The new study suggests that while women do prefer the faces and bodies of men with strong immune responses – linked to macho features — they seem to cue into fatness and thinness far more negatively, when making their judgments.
Macho features such as a strong jaw and squinty eyes present a man’s high testosterone, according to the “immunocompetence handicap hypothesis.” Because high levels of this masculinizing hormone interfere with the immune system, the theory states that macho men must be extra-fit to withstand the handicap their extra testosterone gives them.

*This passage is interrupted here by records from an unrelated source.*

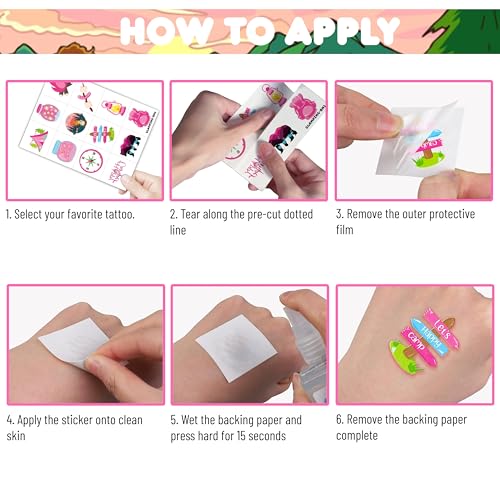 96 PCS Pink Glamping Temporary Tattoos for Girls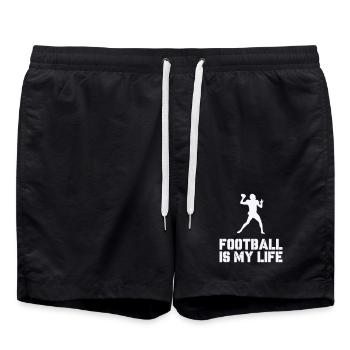 Silhouette du football, c’est ma vie - Short de bain - noir - Devant - AI Model Male 185 light (185cm)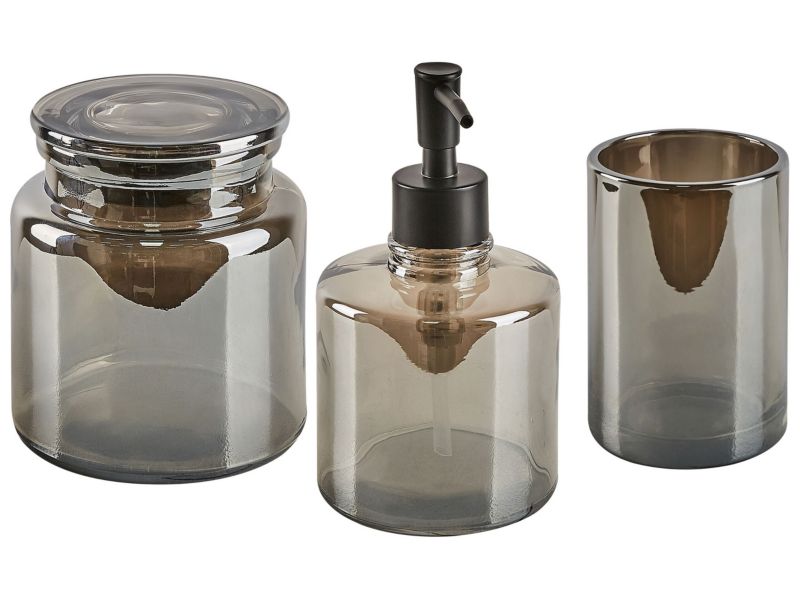 3-częściowy zestaw akcesoriów łazienkowych szklany szary Managua 1 kpl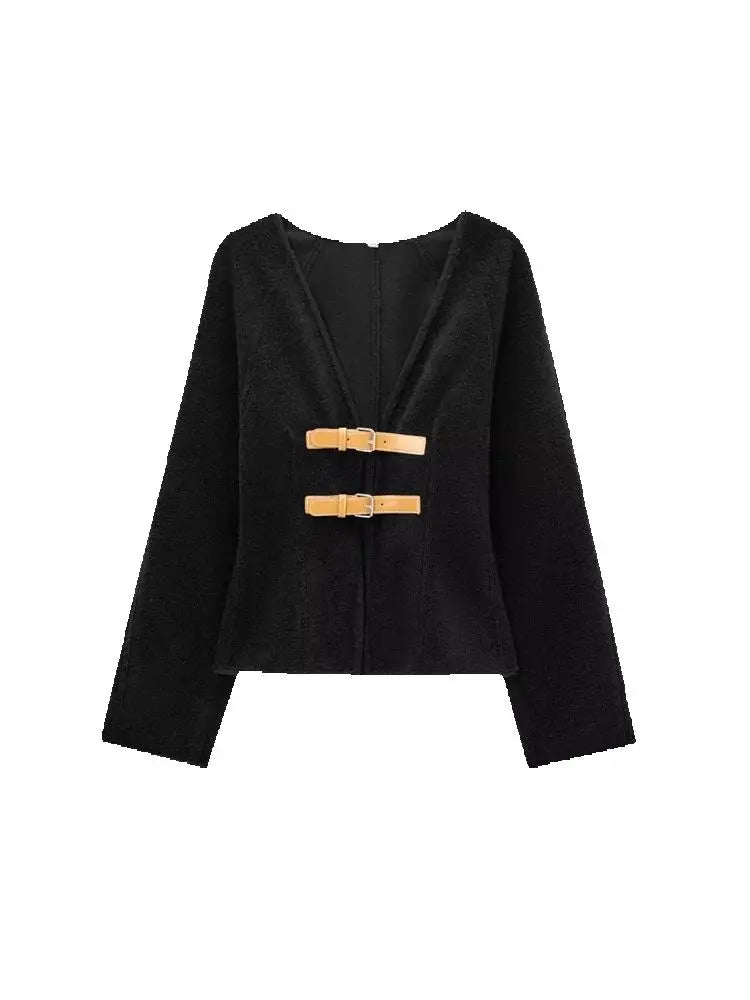 Women Fashion With Belt Woolen Jacket Coat V Neck Long Sleeve Female Outerwear Chic Tops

Fatness, or adiposity, “is an obvious choice for a marker of immunity because of its strong association with health and immunity,” study researcher Vinet Coetzee, a postdoctoral scientist at the University of Pretoria in South Africa, told LiveScience.
However, the immunocompetence handicap hypothesis is problematic because masculinity is not universally attractive to women, Coetzee and his colleagues wrote today in the Nov. 27 issue of the journal Proceedings of the Royal Society B. Nor have studies consistently linked macho features with good physical health.
Weight is acutely linked both to health and immune system functioning, Coetzee told LiveScience. Both overweight and underweight individuals are more likely to have health problems and poor immune function.
To test the evolutionary role of fat, Coetzee and his colleagues first photographed 69 Caucasian male volunteers in underwear. They also measured the men’s body fat and testosterone levels. About 65 percent were healthy weight, 4 percent were underweight and 30.4 percent were overweight or obese.
Next, 29 heterosexual Latvian women looked at photographs of the men’s faces and bodies separately and judged them on attractiveness. All of the women were in the fertile phases of their menstrual cycles, as judged by counting back from the last menstrual period to the day of likely ovulation.
A separate group of 20 heterosexual Finnish men and women rated the men for masculinity, and 14 other Latvian women rated the men’s facial fatness, or adiposity, which is highly related to overall body fatness.
The results revealed that fatness, as measured with facial adiposity, was linked to both antibody response and attractiveness, with pudgier men both having weaker immune systems and being seen as less appealing by the fertile women. A statistical analysis found that — contrary to what the immunocompetence handicap would suggest — masculinity was not linked to either immune response or bodily or facial attractiveness.
While the findings don’t view a masculine jaw and defined abs as a sign of a good immune system, Coetzee warned that the study looked at just a single measure of immune response. The researchers also don’t know if women had immune health in mind when they made their hot-or-not judgments.